La Cantate n° 2 (1943), désignée comme l’une des œuvres phares du sérialisme par les compositeurs d’après‑guerre, commence d’une manière très étrange. Le climat rappel celui, fantasmagorique, de la troisième partie des Gurrelieder de Schoenberg. Il faut dire que la basse Hanno Müller‑Brachmann instille une manière d’expressionnisme poisseux en vertu d’une vocalité incarnée, diseuse, mais aussi éruptive quand il le faut. La battue ondulée de Matthias Pintscher s’accorde à la voix de liane Sophia Burgos avant le très émouvant et testamentaire canon final, au chœur. Une acuité d’écoute est requise pour percevoir l’art orchestral dont fait preuve Webern dans cette cantate à la nomenclature plus diversifiée que la précédente, en particulier au niveau des bois (piccolo, cor anglais, clarinette basse, saxophone alto). Matthias Pintscher veille à instaurer une entente plus que cordiale entre l’OCP et l’EIC.


Once Anything Might Have Happened s’appuie sur des poèmes de William Carlos Williams, dont Johannes Maria Staud (né en 1974) prit connaissance à la faveur du confinement. « C’est un mélange constant et en temps réel, on ne sait jamais vraiment quand on passe du son réel au son électronique », précise‑t‑il au sujet de sa pièce pour soprano, cor, ensemble et électronique. Si les phénomènes de mimétisme abondent entre les différentes sources et modes de jeu, le résultat s’avère mitigé. N’ont pas été suffisamment exploitées les qualités des deux interprètes, noyés dans un maelstrom envahissant, sinon tonitruant. On y entend des bruits de marécage, de bouche, de gorge, d’embouchure frappée par la paume de la main. L’ensemble instrumental éclate par endroits d’une frénésie collective au cours de laquelle certains musiciens (joueur de célesta) sont sommés d’actionner des percussions. On devine les lèvres de Jean‑Christophe Vervoitte très sollicitées, mais on retient surtout la prestation de Sophie Burgos, chanteuse-récitante et vecteur ignée des beaux poèmes de Williams.


Après cette parenthèse inaboutie, la Passacaille pour Tokyo gagne une nouvelle fraîcheur ; c’est peu dire qu’elle porte bien ses vingt‑huit ans ! Dans cette œuvre pour piano et dix‑sept instruments inscrite depuis longtemps au répertoire de l’EIC, Philippe Manoury (né en 1952) revisite une forme musicale ancienne avec les lunettes contemporaines.

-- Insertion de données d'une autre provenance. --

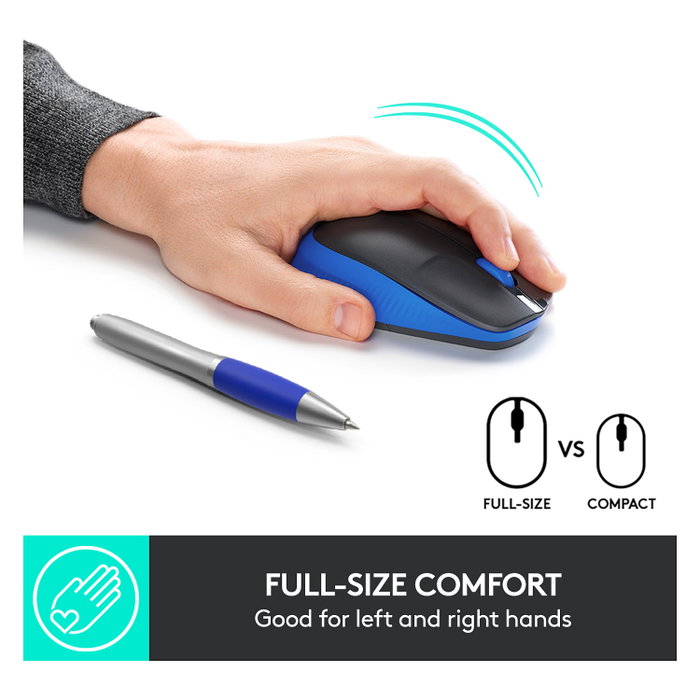 Logitech M190 Ratón Inalámbrico Full-size Azul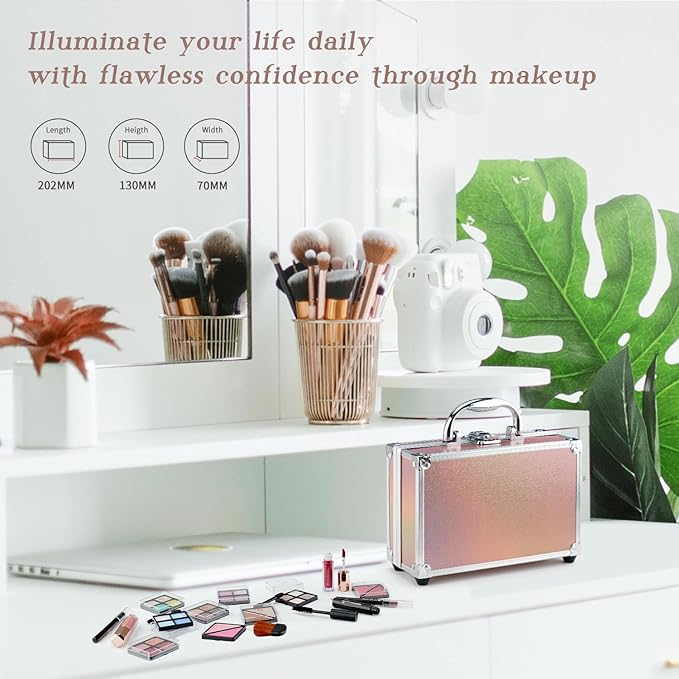 Color Nymph Beginner Makeup Kits For Teens With Train Case Included Full Makeup Kit Eyeshadow Palette Blushes Bronzer Highlighter Lipstick Brushes Mirror（Gold）-Velvo Beauty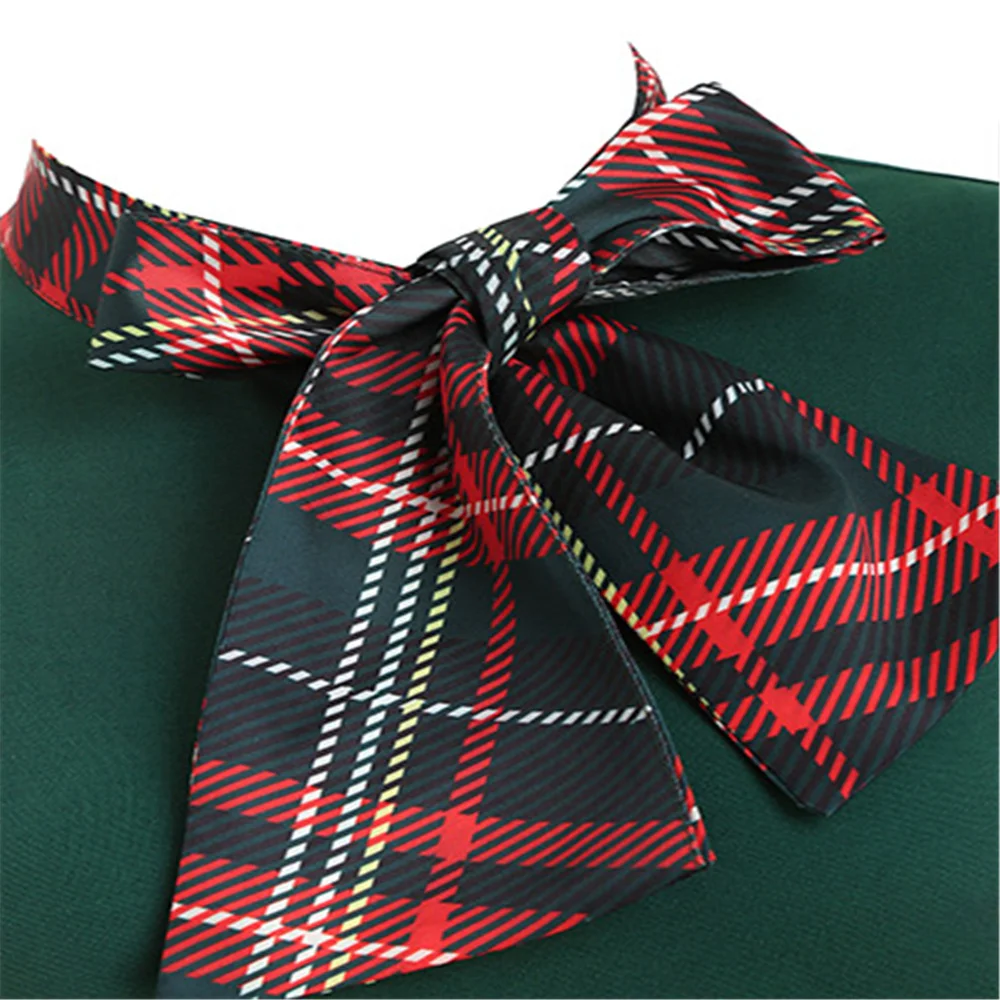 Классическое элегантное женское рождественское платье в клетку зеленое красное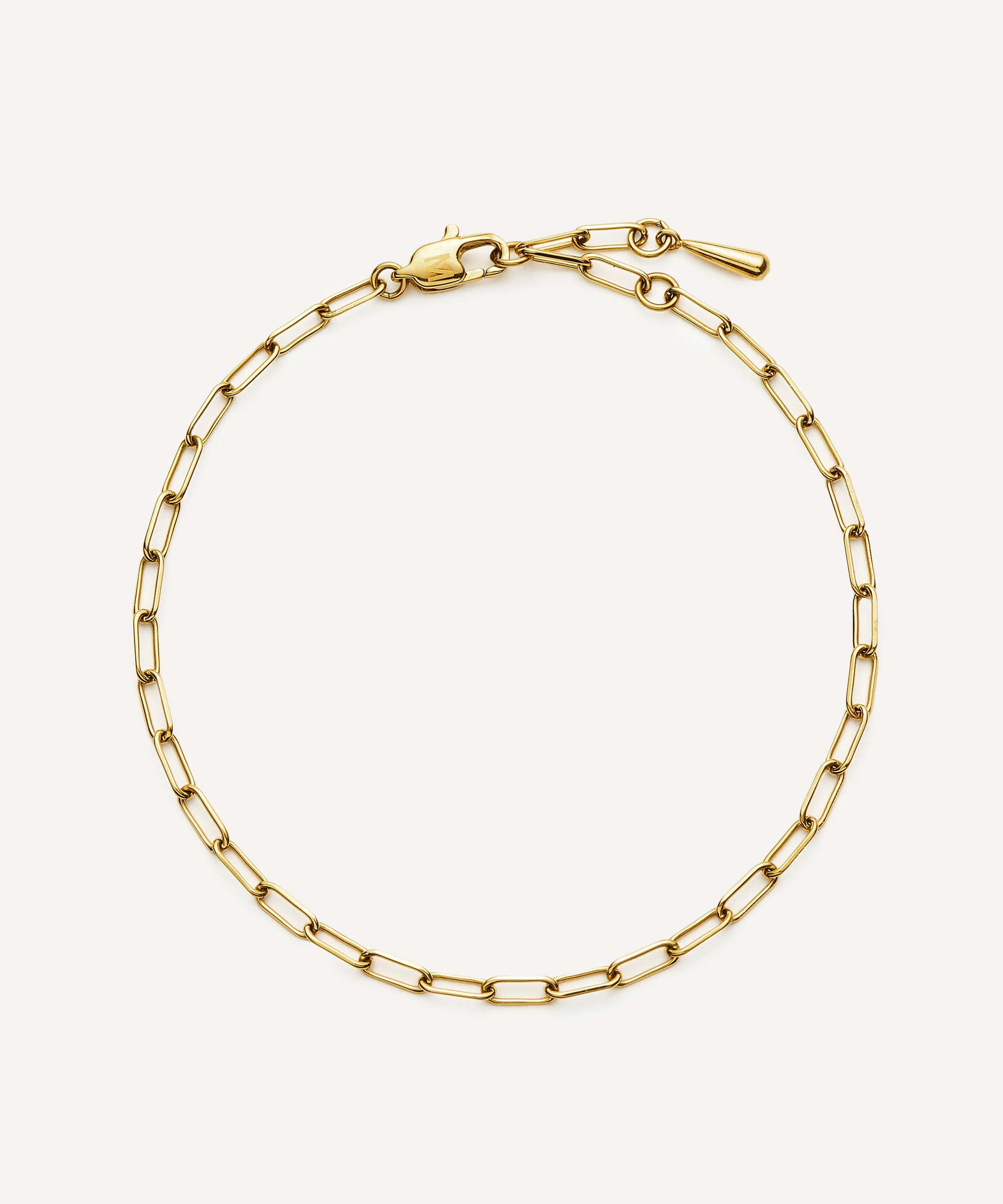 18ct Gold-Plated Mini Paperclip Chain Bracelet - 1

L’enjeu ? La combinaison de deux dimensions contradictoires, à savoir « une structure de base qui ne varie jamais avec un discours qui est en continuelle évolution ». Le motif matriciel de la passacaille se voit projeté dans des miroirs de plus en plus déformants au cours de diverses transformations. La réitération jointe au rôle nodal du mi bémol agit comme autant de balises pour l’écoute. De la belle ouvrage, dont la partie soliste pour le moins athlétique est jouée avec maestria par Hidéki Nagano : on en prendra pour exemple groupes-fusées zébrant toute l’étendue du clavier et la fascinante cadence, où ses doigts font ressortir les notes pivots au sein de divers îlots d’accords.